D’autres désordres oculomoteurs peuvent s’associer
à une OIN.
➤ En cas d’atteinte du noyau du nerf abducens (VI),
on observera une paralysie de la latéralité ipsilatérale
à la lésion (syndrome de “un et demi” de Fisher).
➤ En cas d’OIN bilatérale, les voies des mouvements verticaux étant contenues dans le FLM, il est
fréquent de rencontrer des anomalies verticales de
tous types : nystagmus vertical battant vers le haut,
le plus souvent, mais aussi anomalies de la poursuite ou des mouvements vestibulo-oculomoteurs
verticaux (skew deviation).
➤ Une skew deviation (défaut d’alignement vertical
non paralytique et anomalie torsionnelle bilatérale)

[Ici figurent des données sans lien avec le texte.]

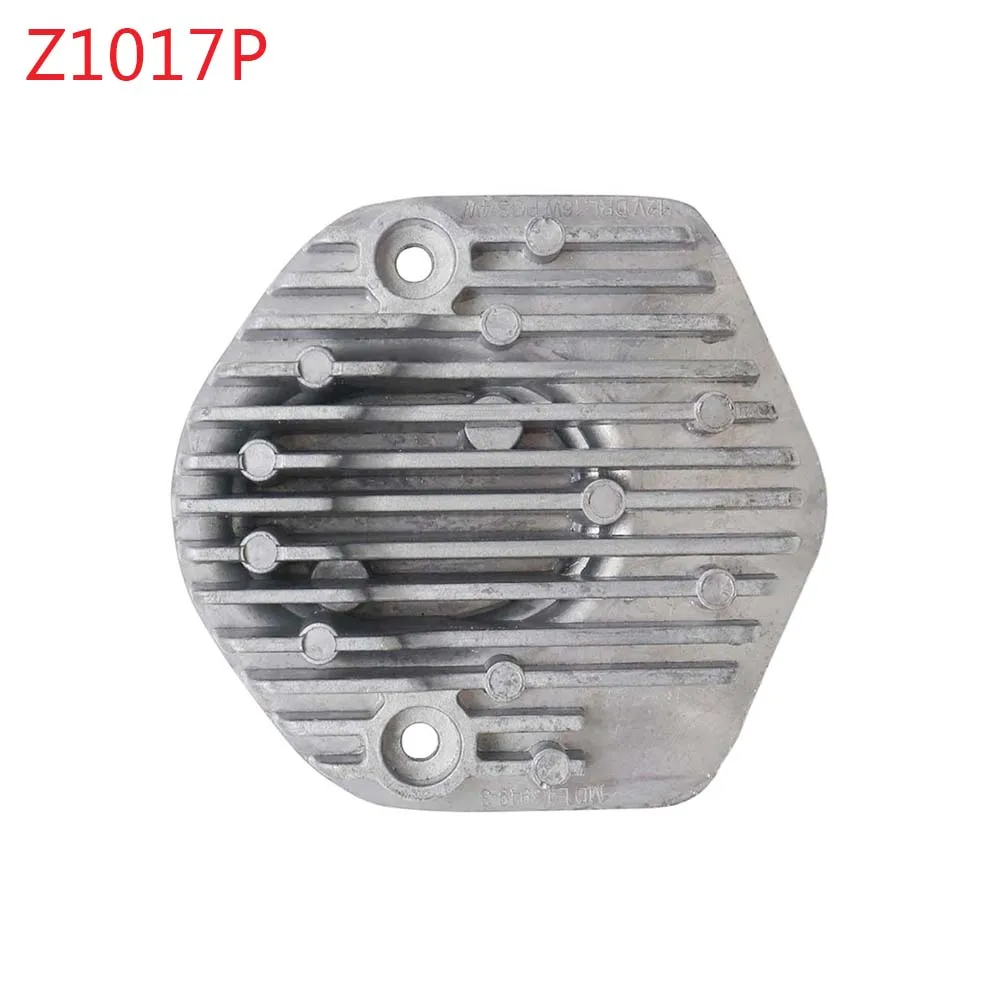 Для Bmw G11 G12 740 750 63117440361 головной светильник части Ангел глаз светоизлучающий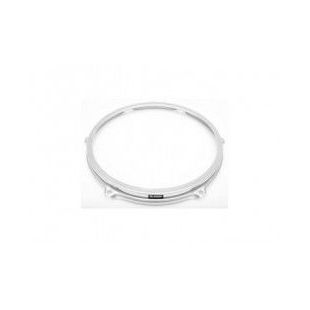 S-HOOP SH146 CHROME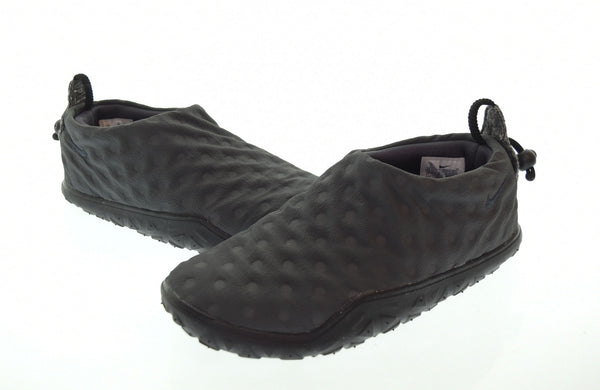 ナイキ NIKE ACG Moc Anthracite Black ACG モック アンスラサイト スニーカー DQ6453-001 メンズ靴 スニーカー ブラック 26cm 103S-926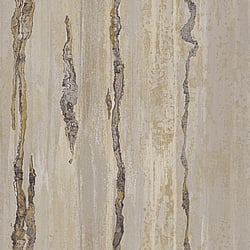 Galerie Wallcoverings Product Code: 49365 - Stratum Wallpaper Collection Galerie Wallcoverings Product Code 49365 - Stratum Wallpaper Collection - beige grey black gold Colours - Verticale Design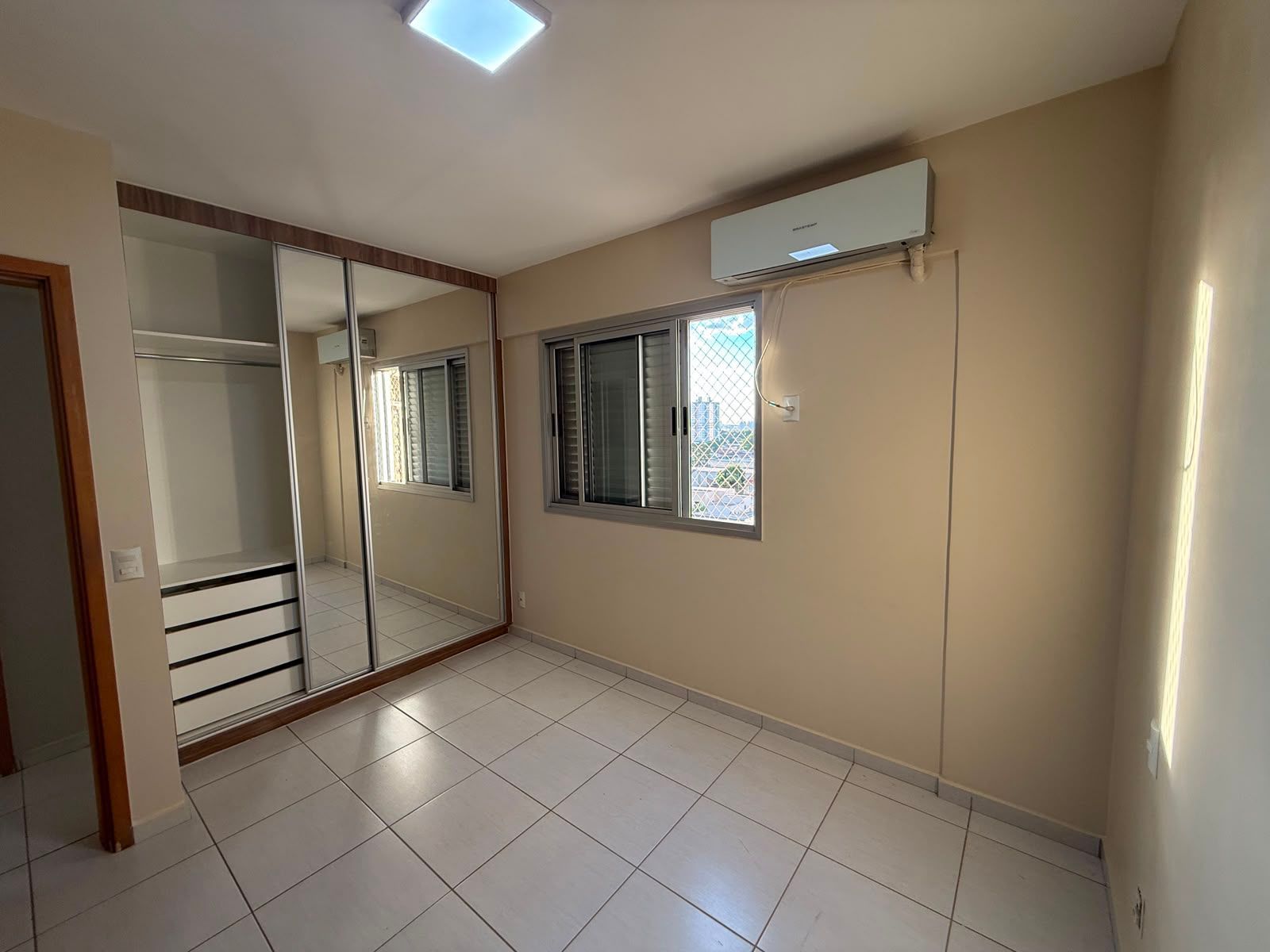 Apartamento à venda, Setor Sudoeste, Goiânia | Mais Novos Imóveis, foto 9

peut également s’associer à une OIN unilatérale.
➤ Enfin, en cas d’OIN bilatérale avec atteinte
associée de la convergence, il existe une divergence
oculaire en position primaire : c’est la WEBINO (walleye, bilateral internuclear ophthalmoplegia).
Lésions nucléaires et fasciculaires
et atteintes des nerfs moteurs oculaires
externes
Les lésions nucléaires et fasciculaires ont été décrites
dans la SEP, et les atteintes du nerf abducens (VI)
sont les plus fréquentes. Les publications rapportent
que la SEP est la cause de 4 à 9 % des atteintes
unilatérales du nerf abducens (VI), mais elles ne
distinguent pas la date de survenue de la paralysie
par rapport au diagnostic de SEP, ni le caractère isolé
ou non de l’atteinte (6). Ainsi, dans une étude rétrospective publiée en 2000 et portant sur 600 patients
atteints de SEP, seuls 3 présentaient une atteinte
du nerf abducens (VI) isolée révélant la maladie.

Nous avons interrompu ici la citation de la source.